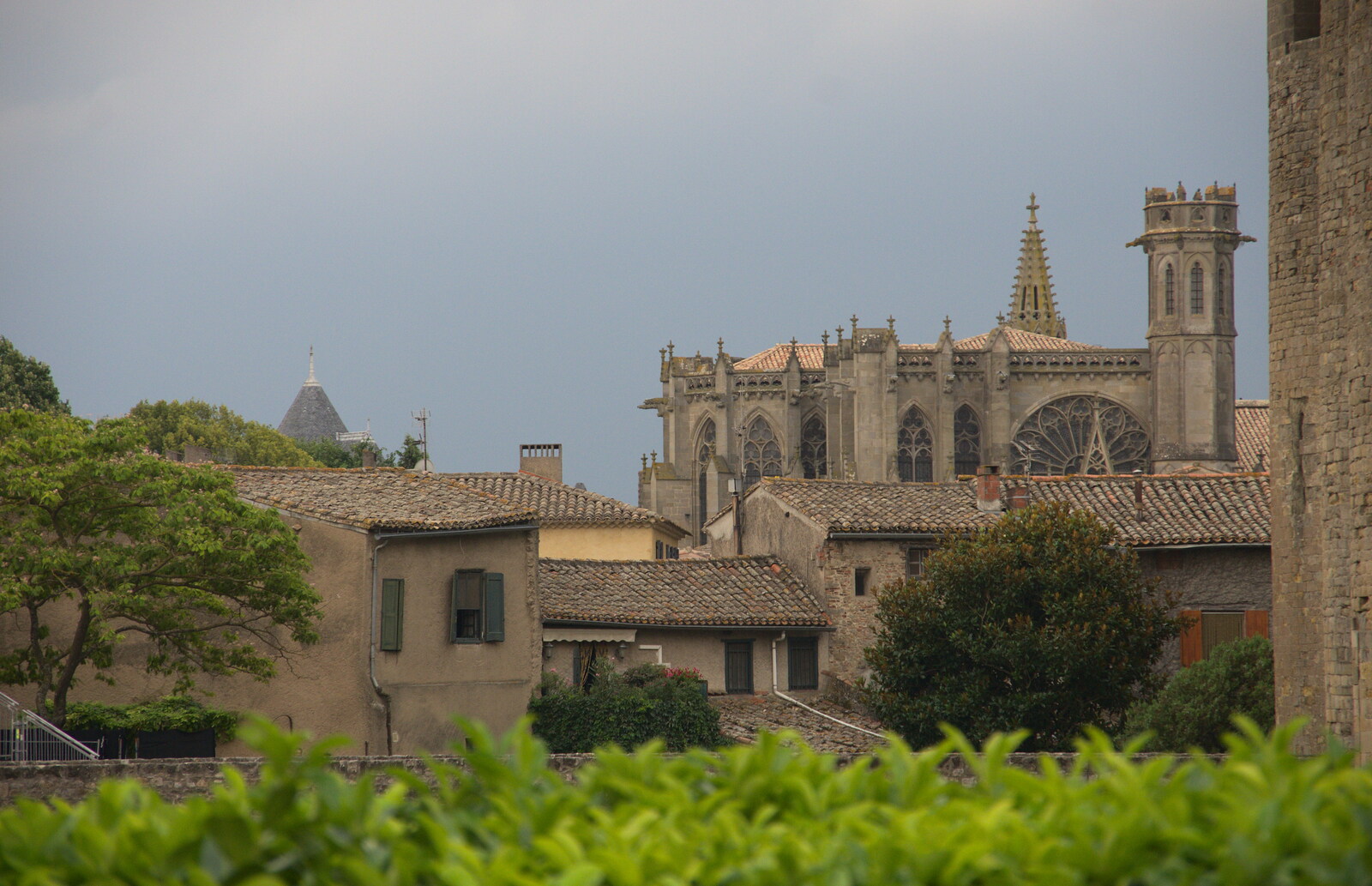 Clouds darken over the Basilique Saint-Nazaire from A Trip to Carcassonne, Aude, France - 8th August 2018
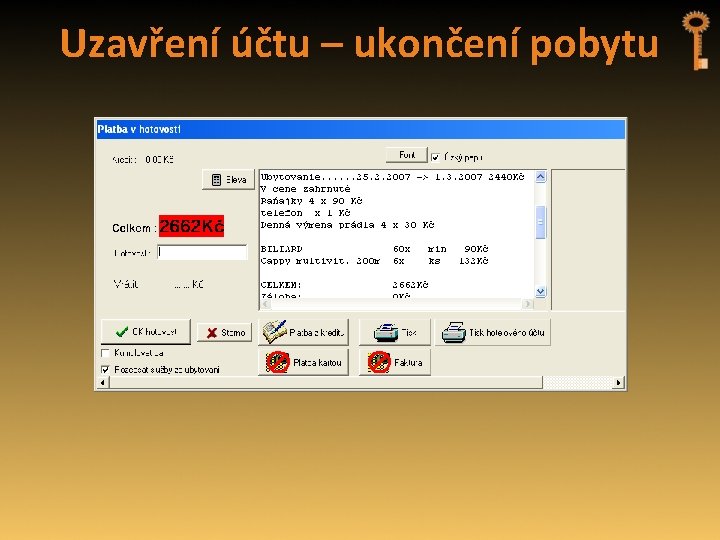 Uzavření účtu – ukončení pobytu 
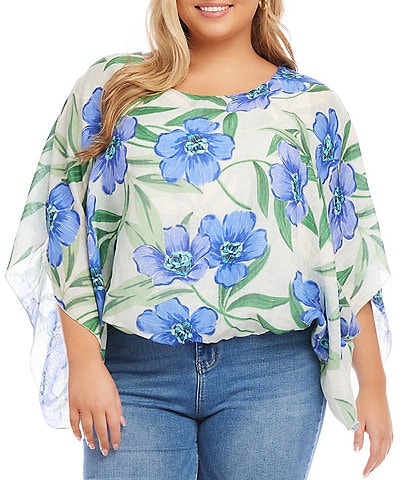 Karen Kane Plus Size Floral Scoop Neck Asymmetric 3/4 Bell Sleeve Blouse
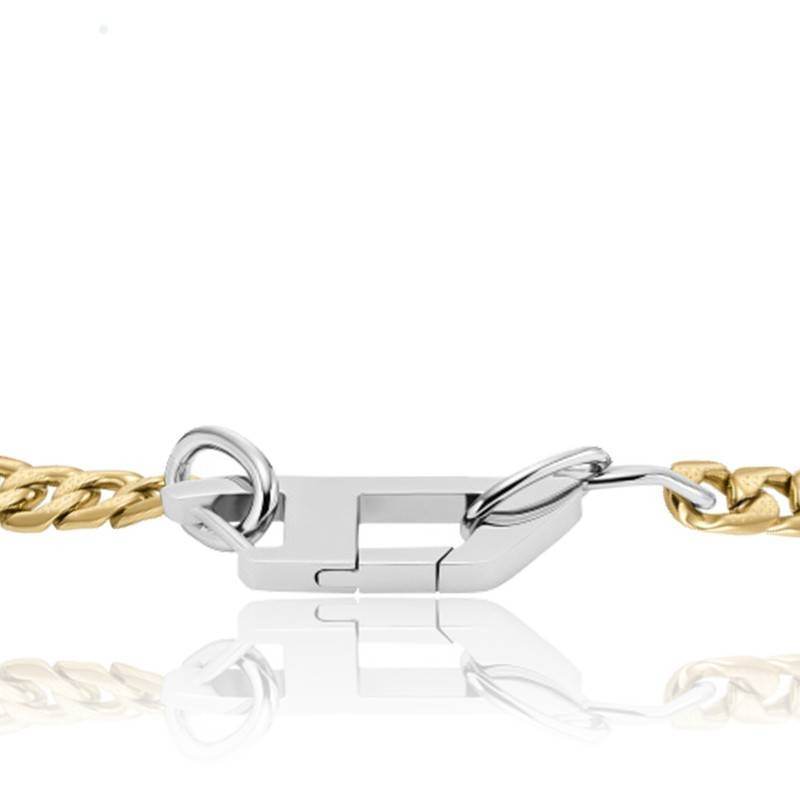 Bracelet Homme Diesel mailles gourmettes Motif "D" Acier bicolore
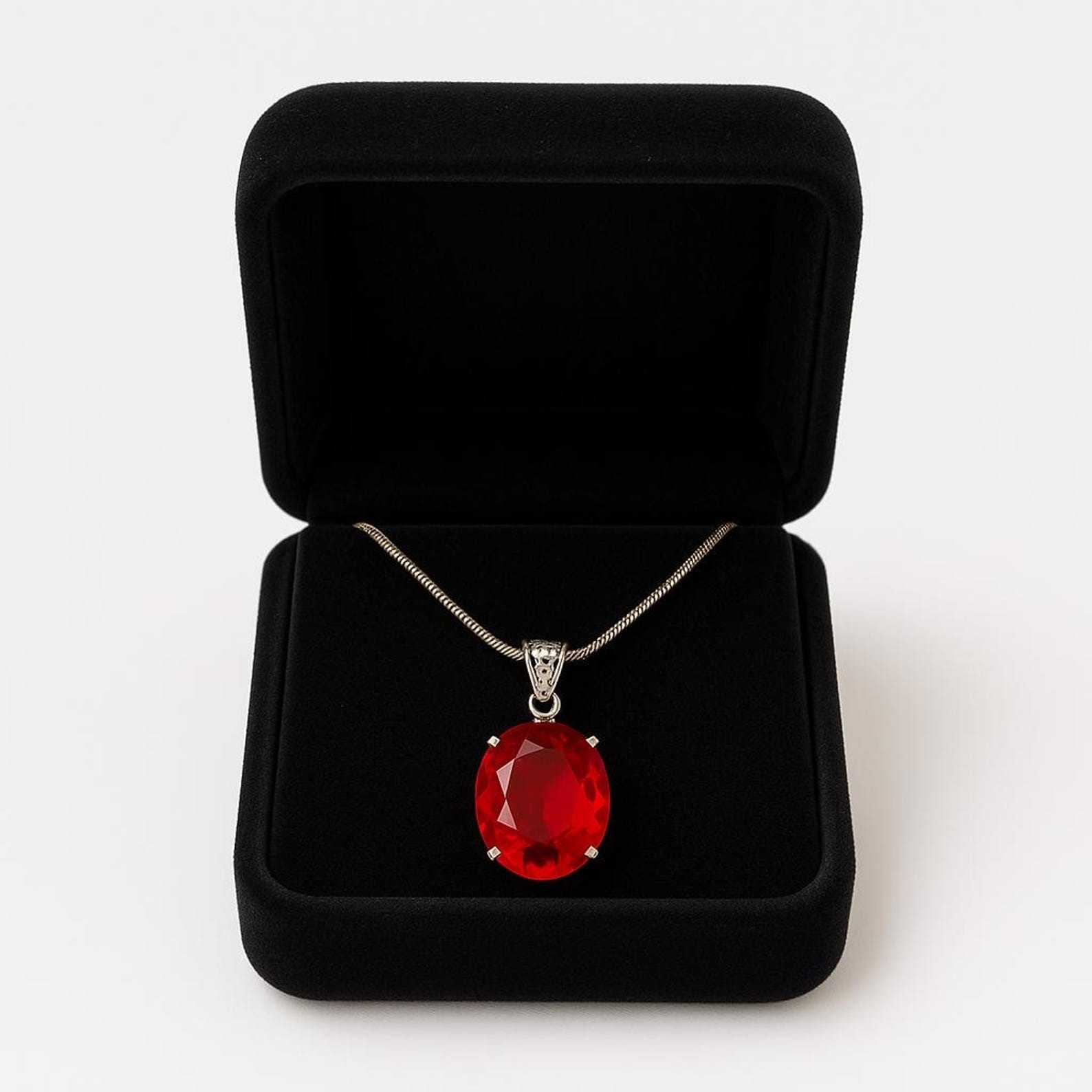 100.20 Ct Natural Red Ruby 925 Sterling Silver Pendant Certified Loose Gemstone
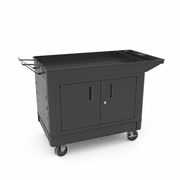 Luxor 25" x 37" Two Shelf Heavy Duty Tub Utility Cart With Pegboard Cabinet - Black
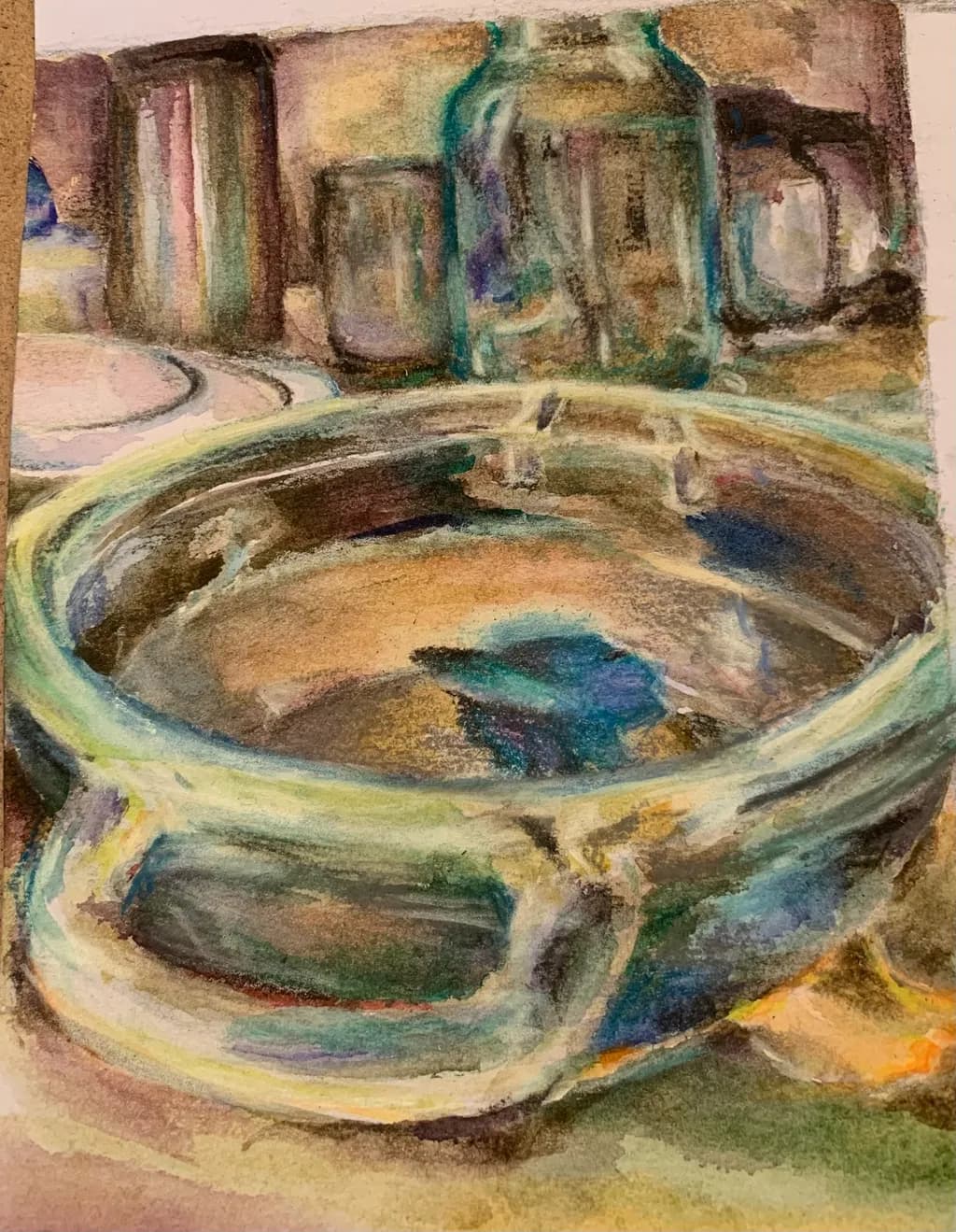 Whispers of Color: A Serene Still Life of Glass and Clay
────────────────────────────────────────
Repeat every entry above exactly; images stay out of the copy.

 Clouds darken over the Basilique Saint-Nazaire from A Trip to Carcassonne, Aude, France - 8th August 2018
 Uzavření účtu – ukončení pobytu 
 Karen Kane Plus Size Floral Scoop Neck Asymmetric 3/4 Bell Sleeve Blouse
 Bracelet Homme Diesel mailles gourmettes Motif "D" Acier bicolore
 100.20 Ct Natural Red Ruby 925 Sterling Silver Pendant Certified Loose Gemstone
 Luxor 25" x 37" Two Shelf Heavy Duty Tub Utility Cart With Pegboard Cabinet - Black
 Whispers of Color: A Serene Still Life of Glass and Clay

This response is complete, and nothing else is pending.